- _What is being asked_: Repeat verbatim each line from the line with "Polka Dots Button" to the end of the entries. Pictures do not belong in the copy.

- _Stored items_:

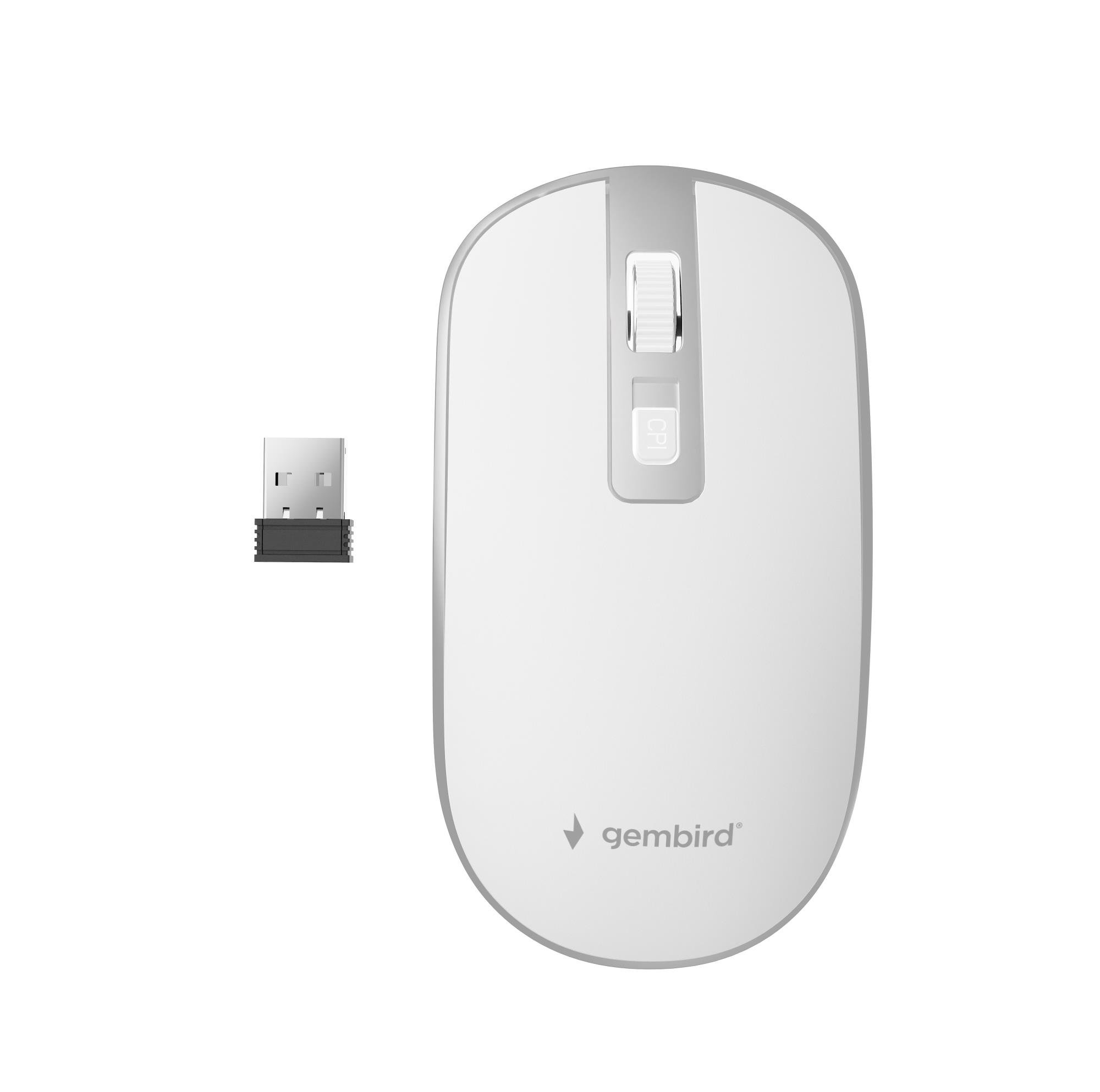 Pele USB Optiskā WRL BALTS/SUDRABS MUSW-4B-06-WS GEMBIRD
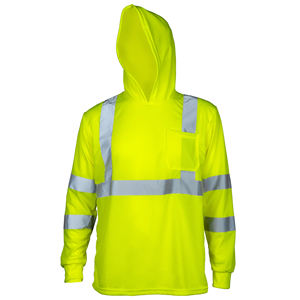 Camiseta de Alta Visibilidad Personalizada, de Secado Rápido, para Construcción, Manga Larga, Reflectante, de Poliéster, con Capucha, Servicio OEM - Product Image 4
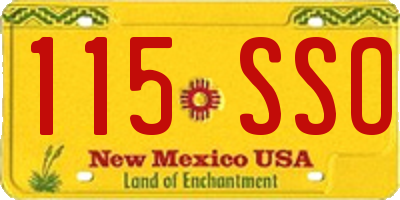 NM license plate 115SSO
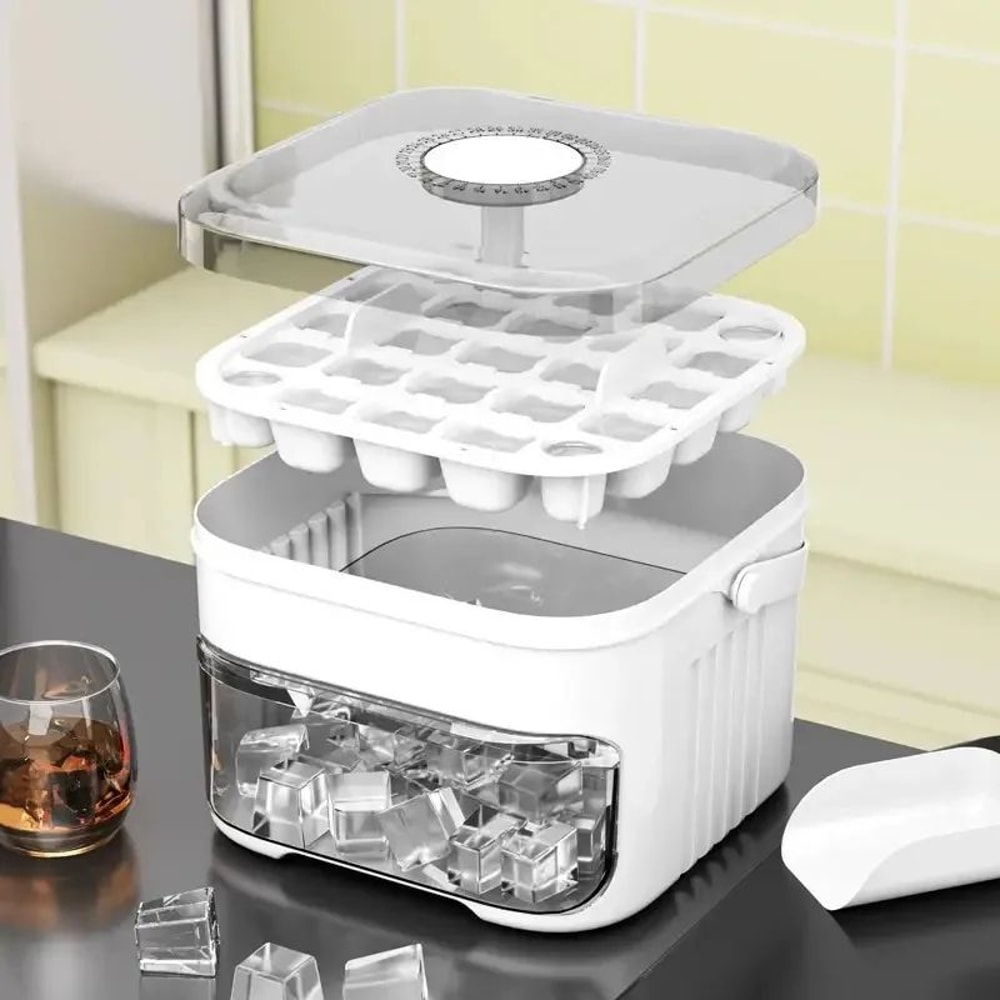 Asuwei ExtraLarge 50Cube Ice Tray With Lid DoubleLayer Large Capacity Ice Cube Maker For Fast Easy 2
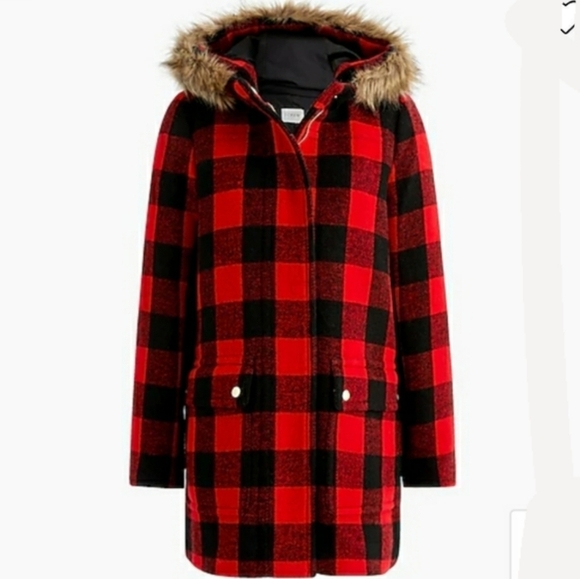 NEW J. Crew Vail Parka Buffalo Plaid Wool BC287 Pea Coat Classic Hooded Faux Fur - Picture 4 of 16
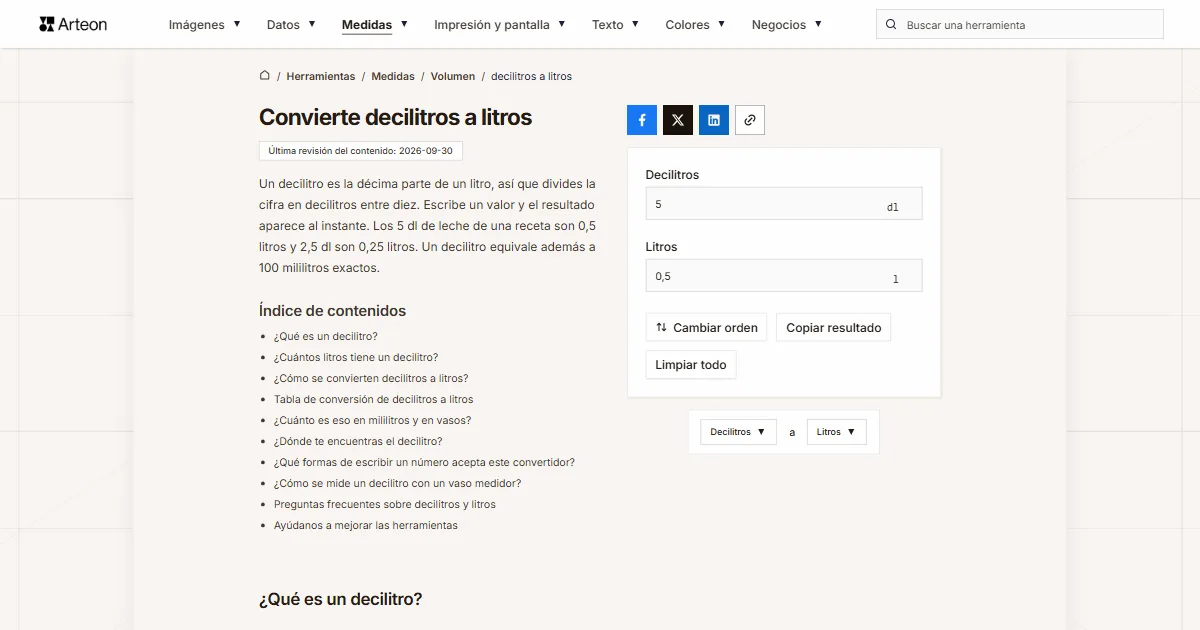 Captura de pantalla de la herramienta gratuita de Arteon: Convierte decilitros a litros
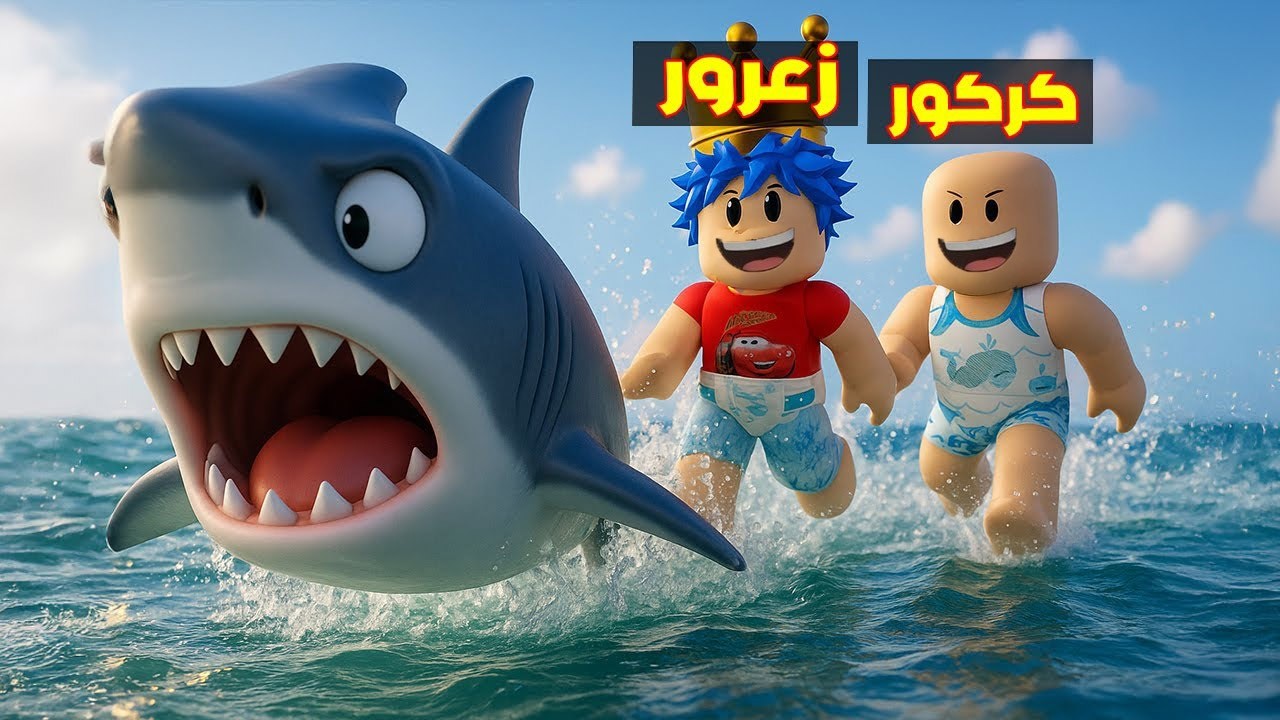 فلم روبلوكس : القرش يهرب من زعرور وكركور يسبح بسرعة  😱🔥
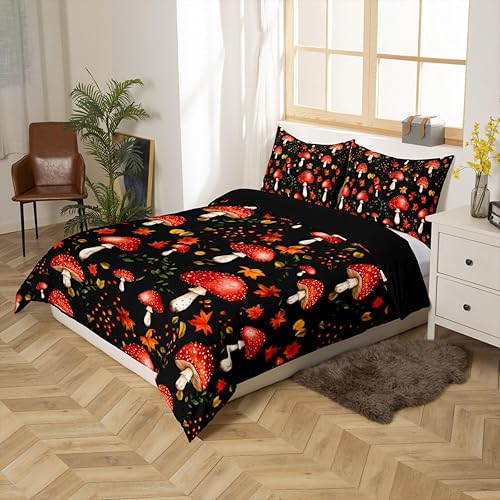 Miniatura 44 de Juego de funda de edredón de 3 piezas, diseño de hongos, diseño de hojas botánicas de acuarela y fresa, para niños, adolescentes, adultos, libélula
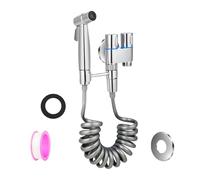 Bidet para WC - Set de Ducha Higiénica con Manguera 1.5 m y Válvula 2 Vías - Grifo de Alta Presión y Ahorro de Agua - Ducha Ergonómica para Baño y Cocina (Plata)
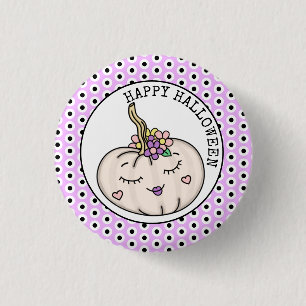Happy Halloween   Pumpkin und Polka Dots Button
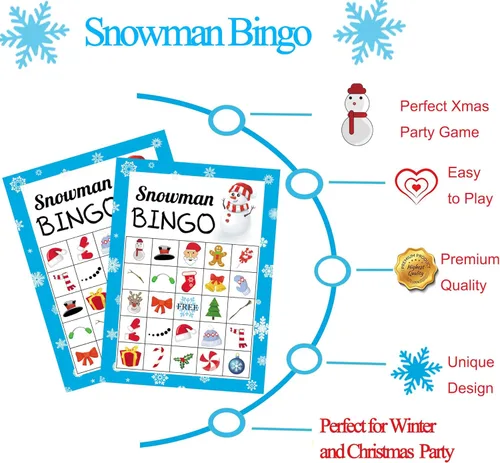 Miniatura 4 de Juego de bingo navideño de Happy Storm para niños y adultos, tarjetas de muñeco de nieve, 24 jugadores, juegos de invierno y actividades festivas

- _Answer space_:
Happy Halloween   Pumpkin und Polka Dots Button
 Miniatura 4 de Juego de bingo navideño de Happy Storm para niños y adultos, tarjetas de muñeco de nieve, 24 jugadores, juegos de invierno y actividades festivas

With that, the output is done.